In 2007, the 400th richest person in America made $138 million (or $87 million, inflation-adjusted).
Now, that almost certainly wasn't the same guy. There's a lot of churn at the top of the money pyramid. In all of the 1990s, only 25% of the Fortunate 400 made more than one appearance. But the overall message is the same. The rich keep getting richer.
According to the IRS, which recently released 2009 data from the 400 richest individual income tax returns, the real runaway growth in wealth has come from capital gains.

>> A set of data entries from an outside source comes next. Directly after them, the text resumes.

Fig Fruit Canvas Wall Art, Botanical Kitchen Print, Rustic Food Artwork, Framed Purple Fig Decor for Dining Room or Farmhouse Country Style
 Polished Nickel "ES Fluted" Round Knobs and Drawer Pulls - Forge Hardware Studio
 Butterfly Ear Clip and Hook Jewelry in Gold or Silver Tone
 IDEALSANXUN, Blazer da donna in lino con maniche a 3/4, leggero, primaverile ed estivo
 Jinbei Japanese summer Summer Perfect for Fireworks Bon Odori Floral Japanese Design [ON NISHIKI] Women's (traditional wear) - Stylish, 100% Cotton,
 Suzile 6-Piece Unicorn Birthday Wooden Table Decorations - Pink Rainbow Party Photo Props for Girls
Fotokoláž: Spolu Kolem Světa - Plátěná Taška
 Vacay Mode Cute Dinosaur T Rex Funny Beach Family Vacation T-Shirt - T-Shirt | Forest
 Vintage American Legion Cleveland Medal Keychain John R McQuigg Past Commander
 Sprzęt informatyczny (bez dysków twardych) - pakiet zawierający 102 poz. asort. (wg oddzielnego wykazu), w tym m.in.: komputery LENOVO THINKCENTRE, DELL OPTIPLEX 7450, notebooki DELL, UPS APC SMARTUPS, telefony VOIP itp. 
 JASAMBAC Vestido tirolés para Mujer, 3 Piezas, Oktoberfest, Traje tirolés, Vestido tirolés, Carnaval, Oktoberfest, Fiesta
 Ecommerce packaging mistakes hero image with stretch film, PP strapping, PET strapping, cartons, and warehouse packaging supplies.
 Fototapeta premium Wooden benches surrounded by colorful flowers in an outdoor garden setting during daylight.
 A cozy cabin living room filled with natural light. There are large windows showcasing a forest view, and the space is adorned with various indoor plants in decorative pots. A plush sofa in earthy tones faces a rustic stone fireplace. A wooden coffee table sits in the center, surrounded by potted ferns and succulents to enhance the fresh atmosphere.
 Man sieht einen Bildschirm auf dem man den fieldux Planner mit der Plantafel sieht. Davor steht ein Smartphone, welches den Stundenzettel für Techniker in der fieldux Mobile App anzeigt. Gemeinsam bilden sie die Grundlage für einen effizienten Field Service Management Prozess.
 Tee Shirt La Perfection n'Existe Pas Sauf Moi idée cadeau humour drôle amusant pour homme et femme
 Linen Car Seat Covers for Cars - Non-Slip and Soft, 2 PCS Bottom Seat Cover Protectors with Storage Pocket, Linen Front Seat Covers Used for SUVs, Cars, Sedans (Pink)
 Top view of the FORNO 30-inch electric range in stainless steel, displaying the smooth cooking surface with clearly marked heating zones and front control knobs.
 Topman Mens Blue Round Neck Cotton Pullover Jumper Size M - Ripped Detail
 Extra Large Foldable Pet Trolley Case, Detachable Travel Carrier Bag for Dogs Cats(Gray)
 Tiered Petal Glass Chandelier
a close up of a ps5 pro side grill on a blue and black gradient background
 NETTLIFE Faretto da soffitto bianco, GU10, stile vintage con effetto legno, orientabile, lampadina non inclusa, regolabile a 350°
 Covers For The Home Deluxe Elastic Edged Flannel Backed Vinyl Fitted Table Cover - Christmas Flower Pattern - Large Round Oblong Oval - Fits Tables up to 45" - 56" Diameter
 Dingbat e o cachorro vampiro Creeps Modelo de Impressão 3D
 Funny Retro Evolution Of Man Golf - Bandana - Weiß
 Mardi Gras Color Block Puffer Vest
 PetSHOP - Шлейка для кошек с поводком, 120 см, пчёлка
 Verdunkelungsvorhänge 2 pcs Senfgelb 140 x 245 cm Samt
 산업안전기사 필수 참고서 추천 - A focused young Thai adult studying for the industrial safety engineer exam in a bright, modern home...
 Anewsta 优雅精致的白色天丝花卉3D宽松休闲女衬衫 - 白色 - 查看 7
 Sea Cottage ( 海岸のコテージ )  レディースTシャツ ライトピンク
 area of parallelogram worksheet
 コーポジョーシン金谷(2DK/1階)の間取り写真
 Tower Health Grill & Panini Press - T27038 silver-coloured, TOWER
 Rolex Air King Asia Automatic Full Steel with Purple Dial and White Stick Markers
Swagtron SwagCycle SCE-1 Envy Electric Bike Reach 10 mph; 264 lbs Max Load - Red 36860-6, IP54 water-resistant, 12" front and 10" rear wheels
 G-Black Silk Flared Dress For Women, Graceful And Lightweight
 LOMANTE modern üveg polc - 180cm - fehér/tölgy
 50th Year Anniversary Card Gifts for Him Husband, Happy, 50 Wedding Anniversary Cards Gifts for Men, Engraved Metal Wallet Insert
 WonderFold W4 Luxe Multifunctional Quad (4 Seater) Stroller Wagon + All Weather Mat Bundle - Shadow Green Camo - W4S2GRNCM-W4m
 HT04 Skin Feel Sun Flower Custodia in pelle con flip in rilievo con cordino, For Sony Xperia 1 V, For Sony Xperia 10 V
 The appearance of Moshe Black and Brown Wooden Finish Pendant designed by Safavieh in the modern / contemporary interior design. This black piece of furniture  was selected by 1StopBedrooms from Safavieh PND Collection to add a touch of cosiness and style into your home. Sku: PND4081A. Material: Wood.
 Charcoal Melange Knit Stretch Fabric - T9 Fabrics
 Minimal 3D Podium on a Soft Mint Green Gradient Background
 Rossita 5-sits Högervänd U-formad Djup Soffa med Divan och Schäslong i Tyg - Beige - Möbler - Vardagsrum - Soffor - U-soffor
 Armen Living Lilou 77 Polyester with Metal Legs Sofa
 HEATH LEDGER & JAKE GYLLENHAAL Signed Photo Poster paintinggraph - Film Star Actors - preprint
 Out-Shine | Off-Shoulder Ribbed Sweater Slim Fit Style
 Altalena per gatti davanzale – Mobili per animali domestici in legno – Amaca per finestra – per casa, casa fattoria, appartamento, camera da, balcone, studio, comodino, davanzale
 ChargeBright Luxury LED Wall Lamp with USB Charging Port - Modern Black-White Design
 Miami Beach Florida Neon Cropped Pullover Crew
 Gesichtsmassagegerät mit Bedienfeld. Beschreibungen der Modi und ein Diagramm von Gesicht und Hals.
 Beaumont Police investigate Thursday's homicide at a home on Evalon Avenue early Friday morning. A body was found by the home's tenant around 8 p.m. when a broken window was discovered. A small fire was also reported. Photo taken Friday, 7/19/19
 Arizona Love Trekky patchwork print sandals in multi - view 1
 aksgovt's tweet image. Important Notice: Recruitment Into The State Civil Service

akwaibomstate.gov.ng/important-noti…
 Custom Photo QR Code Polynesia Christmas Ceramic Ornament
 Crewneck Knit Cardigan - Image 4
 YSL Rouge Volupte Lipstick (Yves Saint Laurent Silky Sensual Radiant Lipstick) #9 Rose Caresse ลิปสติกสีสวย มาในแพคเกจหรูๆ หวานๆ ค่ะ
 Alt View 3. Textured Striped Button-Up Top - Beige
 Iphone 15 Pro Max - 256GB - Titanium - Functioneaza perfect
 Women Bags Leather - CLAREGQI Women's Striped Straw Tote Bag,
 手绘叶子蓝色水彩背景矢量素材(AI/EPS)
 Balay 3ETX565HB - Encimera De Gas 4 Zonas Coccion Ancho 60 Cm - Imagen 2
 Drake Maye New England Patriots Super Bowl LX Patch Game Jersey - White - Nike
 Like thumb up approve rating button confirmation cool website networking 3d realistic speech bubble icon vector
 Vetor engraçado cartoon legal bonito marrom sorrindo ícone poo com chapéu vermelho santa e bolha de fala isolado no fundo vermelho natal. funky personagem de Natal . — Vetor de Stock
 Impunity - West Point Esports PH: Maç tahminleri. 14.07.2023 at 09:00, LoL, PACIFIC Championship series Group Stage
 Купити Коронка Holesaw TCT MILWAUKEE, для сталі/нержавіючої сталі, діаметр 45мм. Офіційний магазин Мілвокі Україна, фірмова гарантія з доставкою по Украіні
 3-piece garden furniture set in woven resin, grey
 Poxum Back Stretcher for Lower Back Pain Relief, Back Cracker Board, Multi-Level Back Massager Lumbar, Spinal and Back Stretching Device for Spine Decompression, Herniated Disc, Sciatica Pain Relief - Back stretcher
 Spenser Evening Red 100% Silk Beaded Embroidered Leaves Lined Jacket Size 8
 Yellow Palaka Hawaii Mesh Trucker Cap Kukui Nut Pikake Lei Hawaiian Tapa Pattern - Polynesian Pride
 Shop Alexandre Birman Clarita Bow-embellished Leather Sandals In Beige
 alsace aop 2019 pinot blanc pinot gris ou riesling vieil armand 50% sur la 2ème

In the last years of the bubble, the "Fortunate 400" made nearly half their income from capital gains (a.k.a.: profit from the rising value of an investment, such as stocks or property) and less than 10% of their income from old-fashioned wages."
http://finance.yahoo.com/news/richest-400-people-america-got-201519751.html
In other words instead of adding something of value and substance to society, the only way to gain wealth was to swindle it from some sucker who thought they were going to get rich the same way. And then we wonder why our economy is not growing. We wonder why the markets are so volatile. "The rich create jobs" Yea right. What jobs? Investment brokers? Accountants to lower their effective tax rates to 15%. Bankers to handle their offshore accounts?
Oh and lets not forget that capital gains tax rates were lowered over this same period. Our economy is suffering a death from 1000 cuts. And our political leaders are holding the razor blades.